*Task prompt:* List all the lines in these records that hold "adult".

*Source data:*
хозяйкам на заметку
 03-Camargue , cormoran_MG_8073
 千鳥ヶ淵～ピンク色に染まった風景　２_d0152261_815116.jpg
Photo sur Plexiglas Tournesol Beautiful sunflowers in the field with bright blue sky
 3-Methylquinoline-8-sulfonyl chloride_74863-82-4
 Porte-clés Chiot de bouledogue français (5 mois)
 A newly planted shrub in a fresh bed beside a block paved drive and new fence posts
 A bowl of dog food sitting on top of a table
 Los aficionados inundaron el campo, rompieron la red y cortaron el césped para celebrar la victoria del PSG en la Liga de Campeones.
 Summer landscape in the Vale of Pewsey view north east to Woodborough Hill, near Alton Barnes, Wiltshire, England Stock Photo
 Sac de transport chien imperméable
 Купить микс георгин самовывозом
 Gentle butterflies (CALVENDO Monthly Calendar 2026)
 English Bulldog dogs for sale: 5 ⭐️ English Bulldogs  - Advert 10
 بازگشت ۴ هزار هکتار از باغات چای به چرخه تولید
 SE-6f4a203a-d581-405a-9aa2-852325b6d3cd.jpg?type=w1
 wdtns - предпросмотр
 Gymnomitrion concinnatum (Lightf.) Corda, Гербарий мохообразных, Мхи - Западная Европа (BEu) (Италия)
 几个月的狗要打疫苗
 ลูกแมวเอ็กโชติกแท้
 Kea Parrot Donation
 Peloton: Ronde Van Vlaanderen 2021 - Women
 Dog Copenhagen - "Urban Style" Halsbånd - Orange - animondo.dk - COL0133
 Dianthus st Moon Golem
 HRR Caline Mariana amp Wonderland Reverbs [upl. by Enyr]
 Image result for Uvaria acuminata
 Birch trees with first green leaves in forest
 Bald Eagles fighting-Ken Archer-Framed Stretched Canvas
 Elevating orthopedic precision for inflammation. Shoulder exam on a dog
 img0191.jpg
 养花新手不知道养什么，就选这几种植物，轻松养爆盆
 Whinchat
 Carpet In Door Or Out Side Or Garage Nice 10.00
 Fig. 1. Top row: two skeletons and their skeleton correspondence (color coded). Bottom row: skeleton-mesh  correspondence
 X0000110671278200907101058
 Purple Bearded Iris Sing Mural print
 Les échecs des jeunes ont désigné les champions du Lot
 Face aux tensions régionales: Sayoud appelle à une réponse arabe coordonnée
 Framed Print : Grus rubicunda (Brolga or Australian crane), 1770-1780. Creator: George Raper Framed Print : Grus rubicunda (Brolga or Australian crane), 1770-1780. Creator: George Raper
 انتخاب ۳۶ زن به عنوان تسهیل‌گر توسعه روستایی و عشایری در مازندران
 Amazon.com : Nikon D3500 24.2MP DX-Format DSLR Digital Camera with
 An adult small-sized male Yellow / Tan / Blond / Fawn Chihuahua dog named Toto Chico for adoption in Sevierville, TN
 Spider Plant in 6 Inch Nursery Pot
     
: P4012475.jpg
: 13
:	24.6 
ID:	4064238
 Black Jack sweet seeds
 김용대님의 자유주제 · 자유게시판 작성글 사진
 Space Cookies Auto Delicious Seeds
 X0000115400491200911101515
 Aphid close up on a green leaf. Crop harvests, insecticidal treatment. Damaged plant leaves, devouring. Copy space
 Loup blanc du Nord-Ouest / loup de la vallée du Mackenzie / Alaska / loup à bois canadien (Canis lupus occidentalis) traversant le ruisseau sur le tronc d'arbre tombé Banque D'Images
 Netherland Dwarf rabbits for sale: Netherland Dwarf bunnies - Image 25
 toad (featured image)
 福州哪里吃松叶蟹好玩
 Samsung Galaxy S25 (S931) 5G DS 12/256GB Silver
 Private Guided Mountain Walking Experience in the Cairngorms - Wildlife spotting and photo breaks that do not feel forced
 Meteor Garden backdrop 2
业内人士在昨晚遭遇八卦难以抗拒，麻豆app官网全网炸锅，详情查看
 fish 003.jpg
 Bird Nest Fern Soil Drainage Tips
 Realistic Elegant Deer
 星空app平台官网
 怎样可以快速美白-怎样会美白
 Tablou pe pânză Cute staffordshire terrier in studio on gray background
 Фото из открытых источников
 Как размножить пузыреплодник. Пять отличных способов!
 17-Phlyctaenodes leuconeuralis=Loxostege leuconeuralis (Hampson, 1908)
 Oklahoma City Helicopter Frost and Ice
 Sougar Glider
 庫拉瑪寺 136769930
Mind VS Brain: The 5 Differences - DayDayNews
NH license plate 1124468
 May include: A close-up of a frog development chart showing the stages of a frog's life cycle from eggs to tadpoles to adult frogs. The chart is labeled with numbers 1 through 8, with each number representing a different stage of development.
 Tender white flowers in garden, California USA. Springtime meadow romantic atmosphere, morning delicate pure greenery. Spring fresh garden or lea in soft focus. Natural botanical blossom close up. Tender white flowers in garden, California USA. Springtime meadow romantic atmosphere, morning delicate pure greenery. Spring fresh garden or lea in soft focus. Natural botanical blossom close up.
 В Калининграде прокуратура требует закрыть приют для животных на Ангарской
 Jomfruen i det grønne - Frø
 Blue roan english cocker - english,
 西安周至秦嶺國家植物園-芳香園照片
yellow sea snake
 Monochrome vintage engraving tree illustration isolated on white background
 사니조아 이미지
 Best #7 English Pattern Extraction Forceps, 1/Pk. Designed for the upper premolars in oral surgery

*Response:*
 An adult small-sized male Yellow / Tan / Blond / Fawn Chihuahua dog named Toto Chico for adoption in Sevierville, TN
 May include: A close-up of a frog development chart showing the stages of a frog's life cycle from eggs to tadpoles to adult frogs. The chart is labeled with numbers 1 through 8, with each number representing a different stage of development.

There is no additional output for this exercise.